Whistleblowing

A whistleblower is an individual who publicly alleges hidden wrongdoing by an organization or by another individual, typically from within the same organization. The individual may be an employee or a former employee while the alleged wrongdoing might involve breaking a law, regulation or procedure which in turn threatens the public interest. Allegations can be made to personnel within the organization or to external groups such as the police, the media or special interest groups. For example:

A technologist may be aware that his company is knowingly shipping faulty electronic controls for use in a variety of transportation systems.

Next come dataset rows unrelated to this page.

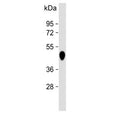 Western blot testing of human pancreas lysate with Carboxypeptidase B antibody. Predicted molecular weight ~45 kDa.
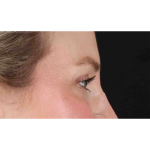 Eyelid Surgery Before & After Patient #1880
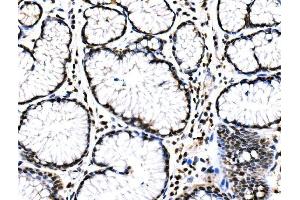 IHC analysis of RAD18 using anti-RAD18 antibody (ABIN7599364).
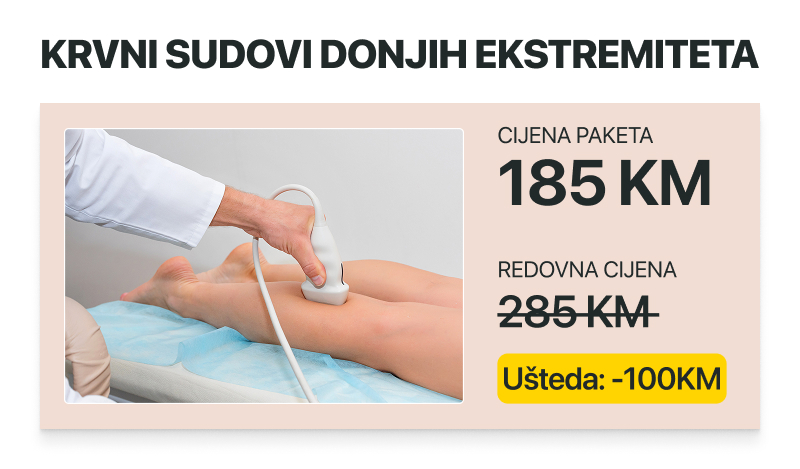 paket krvni sudovi donjih ekstremiteta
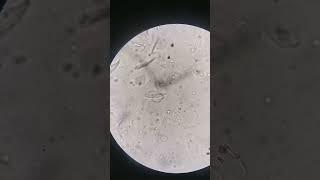 Urine sample: WBC above normal #laboratory #mls #cls #medtechstudent #microscope #medtech #urine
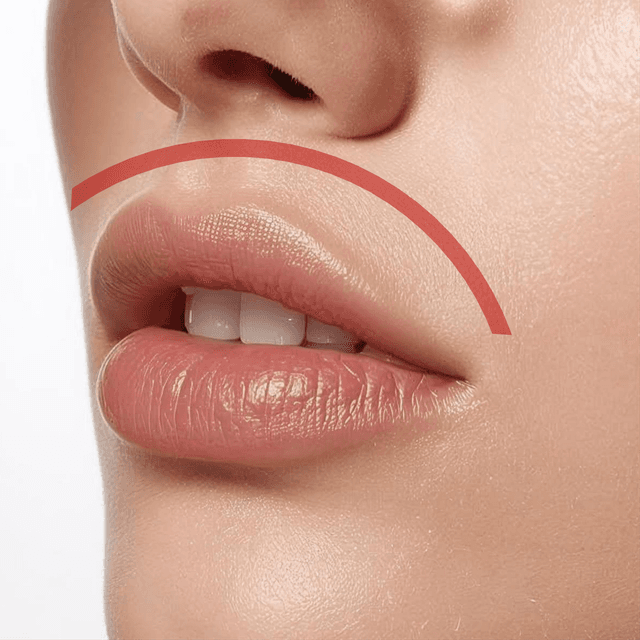 Prepaid Smooth Pass - Lip (Upper) at Bareline Aesthetics in Brea, CA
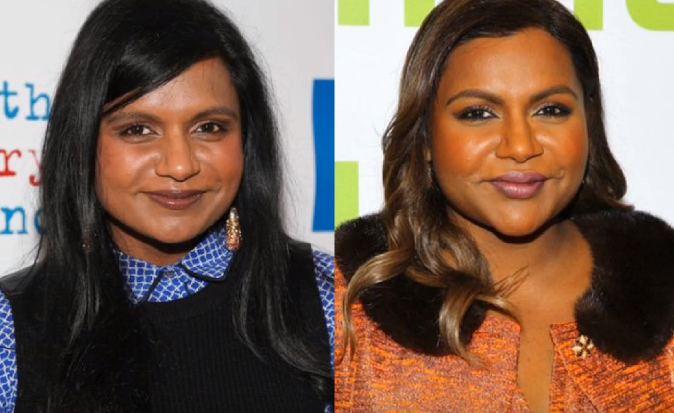 Mindy Kaling lip injection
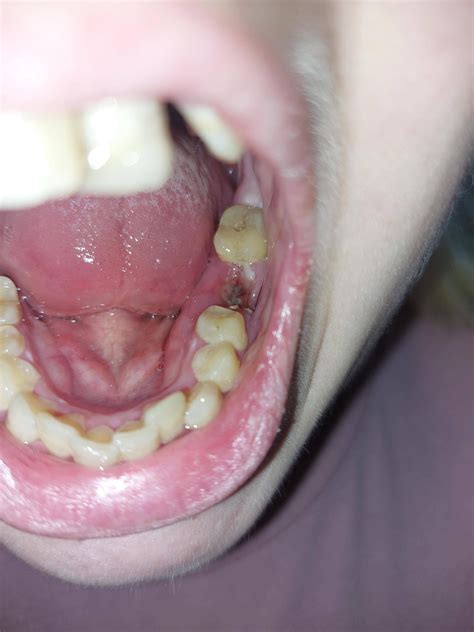 Potentially Infected Tooth Extraction Site Raskdentists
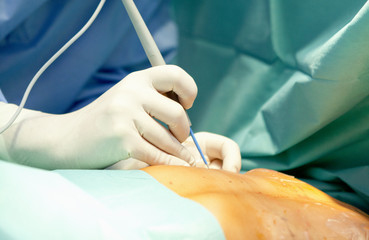 breast augmentation surgery in the operating room surgeon tools implant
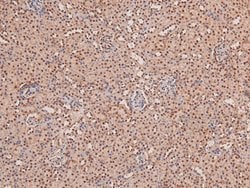 Invitrogen Phospho-STK38/STK38L (Thr444, Thr442) Polyclonal Antibody 100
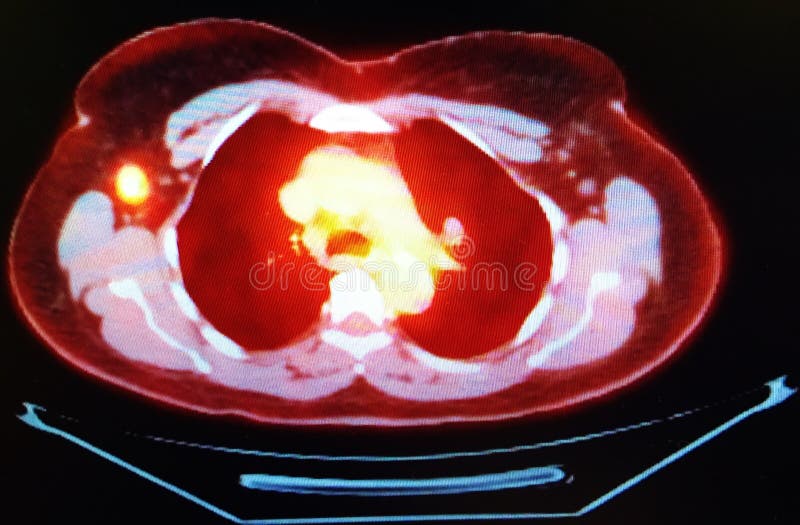 PET/CT tomography scan revealed breast oncological pathology . Yellow spot in the left middle part of the image is right axillary lymph node regional metastatic disease. PET/CT tomography scan revealed breast oncological pathology . Yellow spot in the left middle part of the image is right axillary lymph node regional metastatic disease.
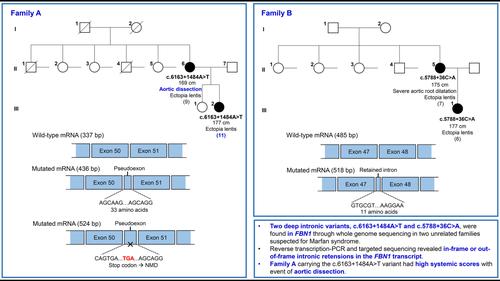 Overcoming challenges associated with identifying FBN1 deep intronic variants through whole-genome sequencing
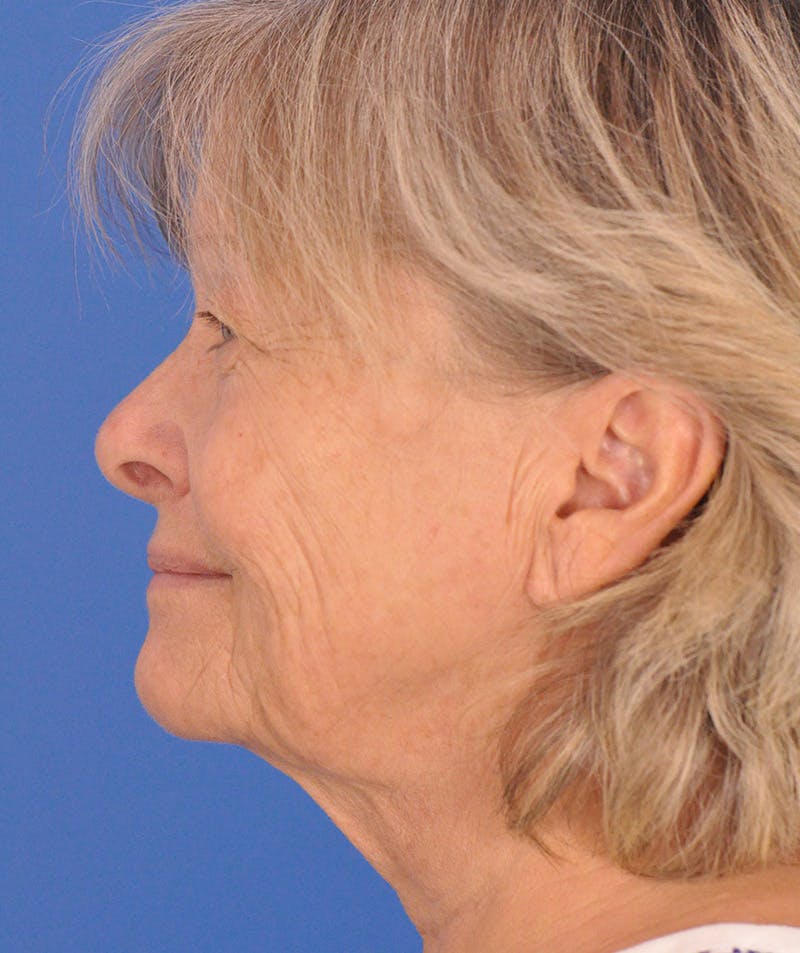 Facelift Before & After Gallery - Patient 114539 - Image 9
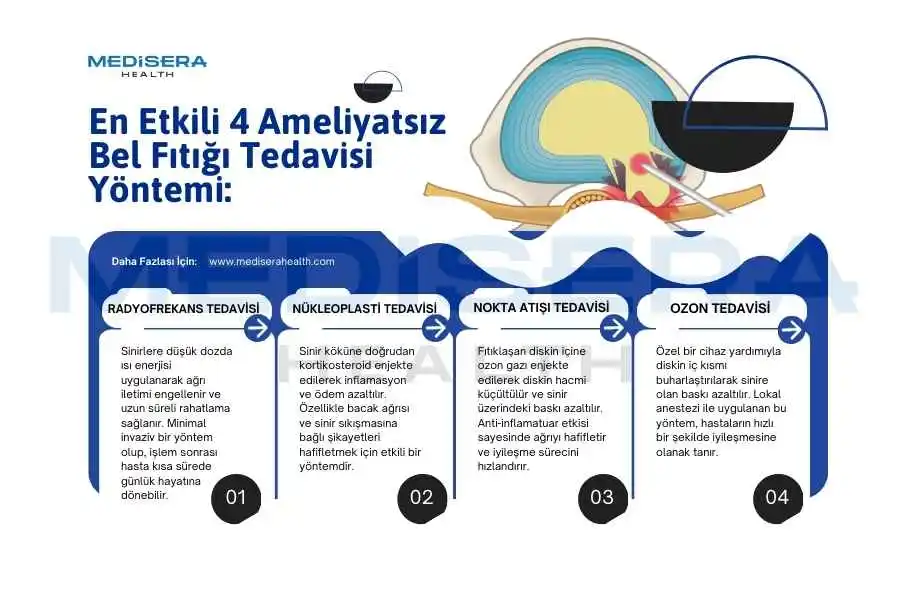 ameliyatsız bel fıtığı tedavisi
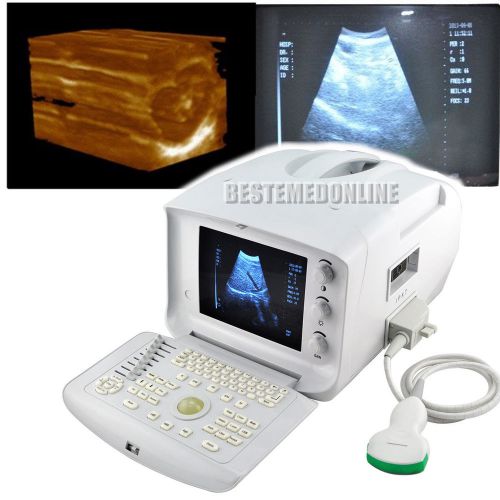 Portable digital Ultrasound Scanner w CONVEX probe USB PORT 3D image software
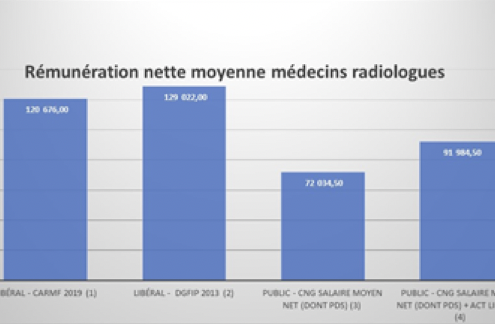 Tableau rémunération net radiologue MB rigeade Bordeaux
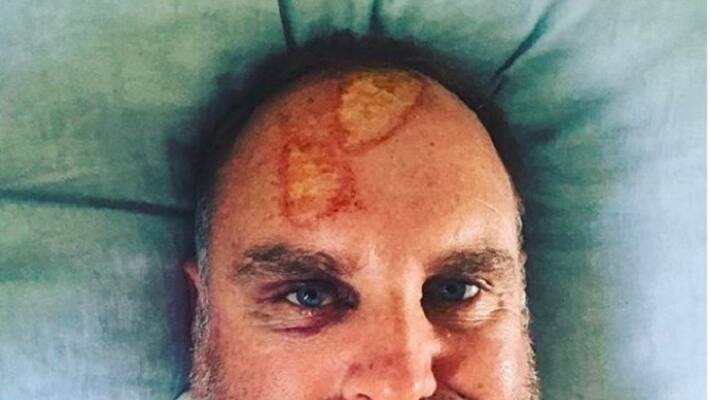 Cricket legend Mathew Hyden suffers head injury in accident Cricket legend Mathew Hyden suffers head injury in accident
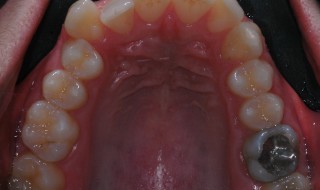 Figure 1: Upper arch before treatment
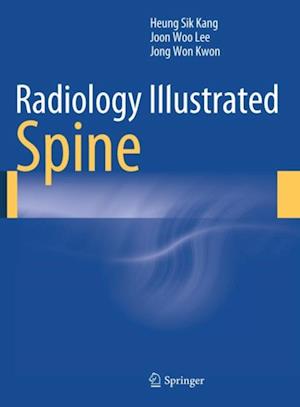 Radiology Illustrated: Spine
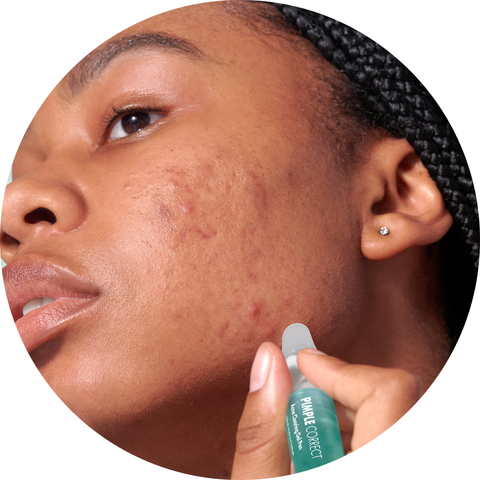 Handles hard-to-reach pimples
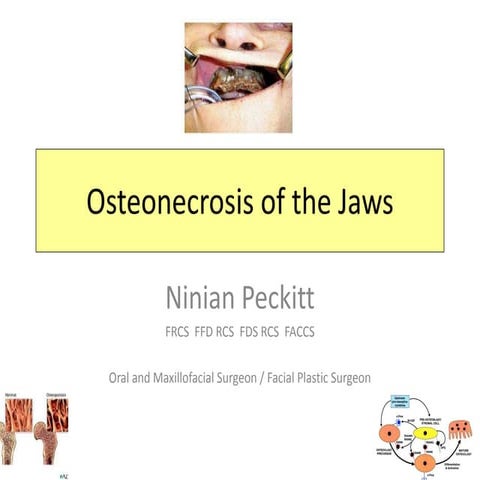 Osteonecrosis of the jaws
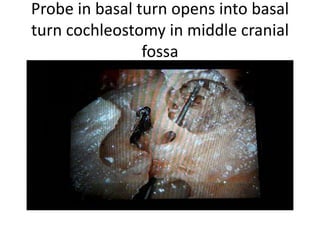 Probe in basal turn opens into basal
turn cochleostomy in middle cranial
fossa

After repeated failed attempts to have management address the issue, the technologist notifies a local newspaper reporter who publishes an article about the defective components and the potential for accidents and loss of life.

The dilemma for a whistleblower is that they owe a duty of loyalty to their employer while at the same time having a professional responsibility under the Code of Ethics to protect the public interest.  There may also be a deep-seated discomfort in becoming a whistleblower as they can face being unpopular with co-workers, discriminated against by potential employers or even dismissed by their employer.

Employers in Canada have the right to terminate a non-contracted employee under the principle of 'employment at will' and at present there is no legislation to protect whistleblowers in private organizations.

Given the lack of legislated protection, the guiding principle for a Technology Professional faced with an ethical issue that contravenes the Code of Ethics is:

  • always use established organizational channels to report concerns before taking an issue outside the organization.